Background
A disease severity classification system is widely used to predict the survival of patients admitted to the intensive care unit with different diagnoses. In the present study, conventional severity classification systems were compared with artificial intelligence predictive models (Artificial Neural Network and Decision Tree) in terms of the prediction of the survival rate of the patients admitted to the intensive care unit.
Methods
This retrospective cohort study was performed on the data of the patients admitted to the ICU of Ghaemshahr’s Razi Teaching Care Center from March 20th, 2017, to September 22nd, 2019. The required data for calculating conventional severity classification models (SOFA, SAPS II, APACHE II, and APACHE IV) were collected from the patients’ medical records. Subsequently, the score of each model was calculated. Artificial intelligence predictive models (Artificial Neural Network and Decision Tree) were developed in the next step.
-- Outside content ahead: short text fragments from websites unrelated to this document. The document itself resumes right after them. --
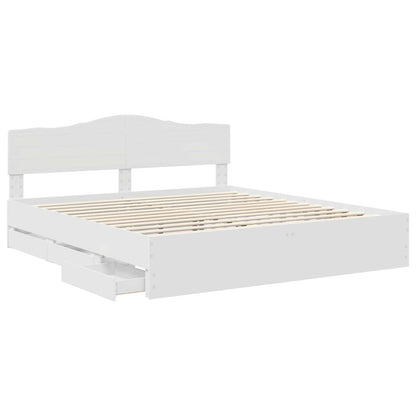 vidaXL Bed Frame with Drawer White 200 x 200 cm Engineer Wood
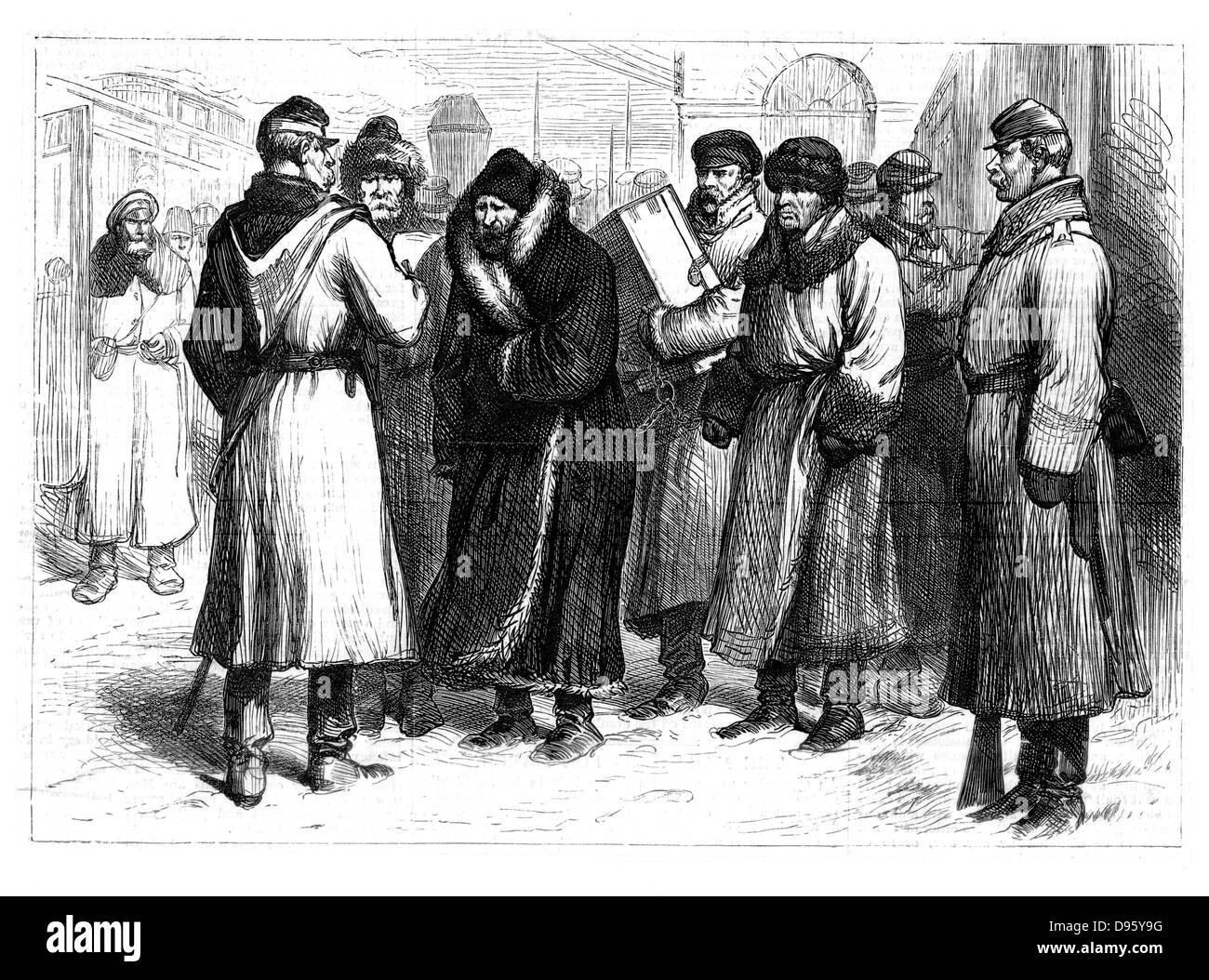 Les troubles en Russie : Prisonniers politiques sur une gare ferroviaire à propos de monter à bord d'un train d'en exil en Sibérie. Diverses tentatives ont été faites sur la vie d'Alexandre II, dont une le 2 mars 1880, jusqu'à son assassinat le 13 mars 1881. Banque D'Images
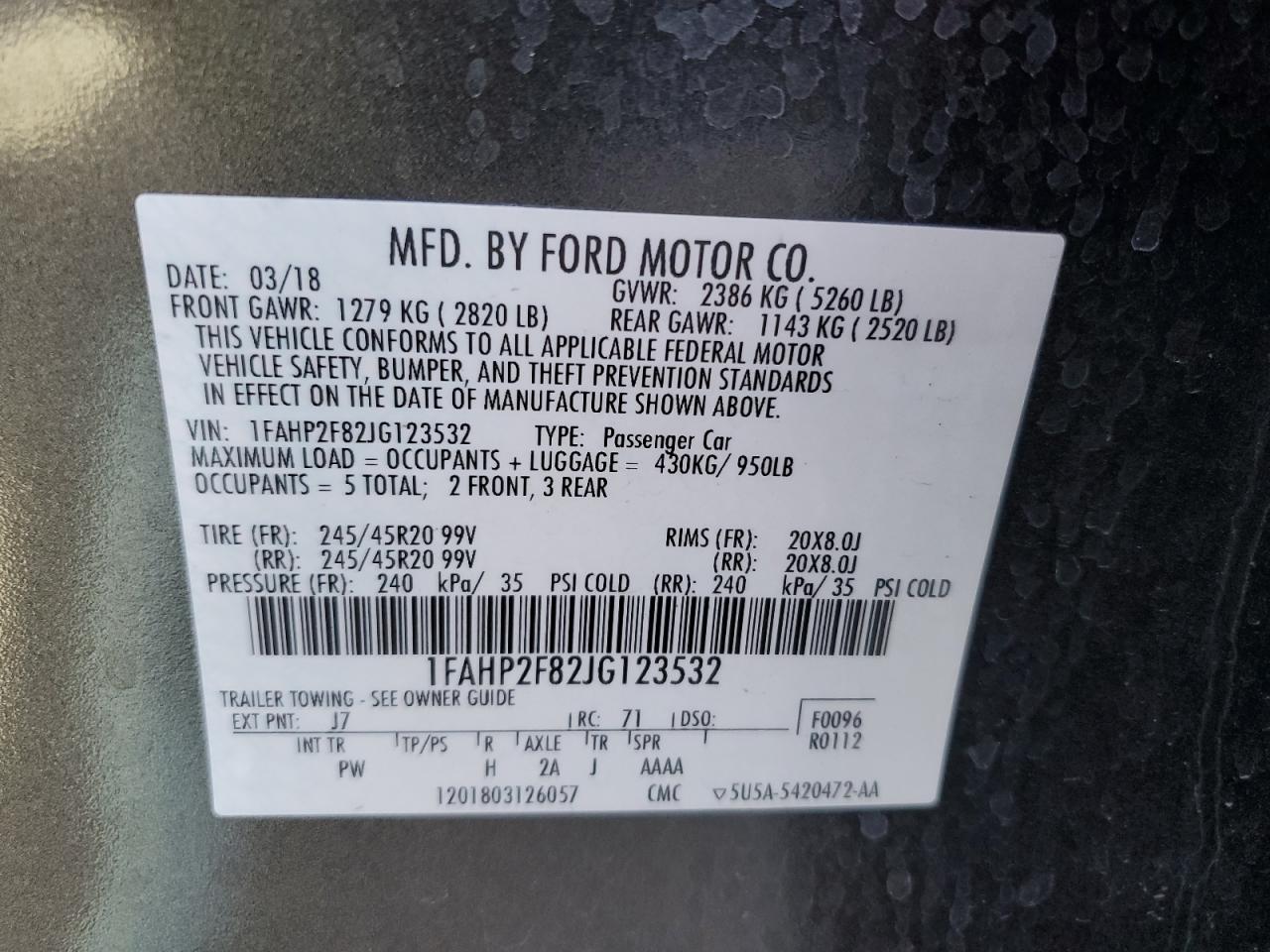 2018 Ford Taurus Limited VIN: 1FAHP2F82JG123532 Lot: 54943645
Lastly, the performance of each model in predicting the survival of the patients admitted to the intensive care unit was evaluated using the criteria of sensitivity, specificity, accuracy, F-measure, and area under the ROC curve. Also, each model was validated externally. The R program, version 4.1, was used to create the artificial intelligence models, and SPSS Statistics Software, version 21, was utilized to perform statistical analysis.
Results
The area under the ROC curve of SOFA, SAPS II, APACHE II, APACHE IV, multilayer perceptron artificial neural network, and CART decision tree were 76.0, 77.1, 80.3, 78.5, 84.1, and 80.0, respectively.
Conclusion
The results showed that although the APACHE II model had better results than other conventional models in predicting the survival rate of the patients admitted to the intensive care unit, the other conventional models provided acceptable results too. Moreover, the findings showed that the artificial neural network model had the best performance among all the studied models, indicating the discrimination power of this model in predicting patient survival compared to the other models.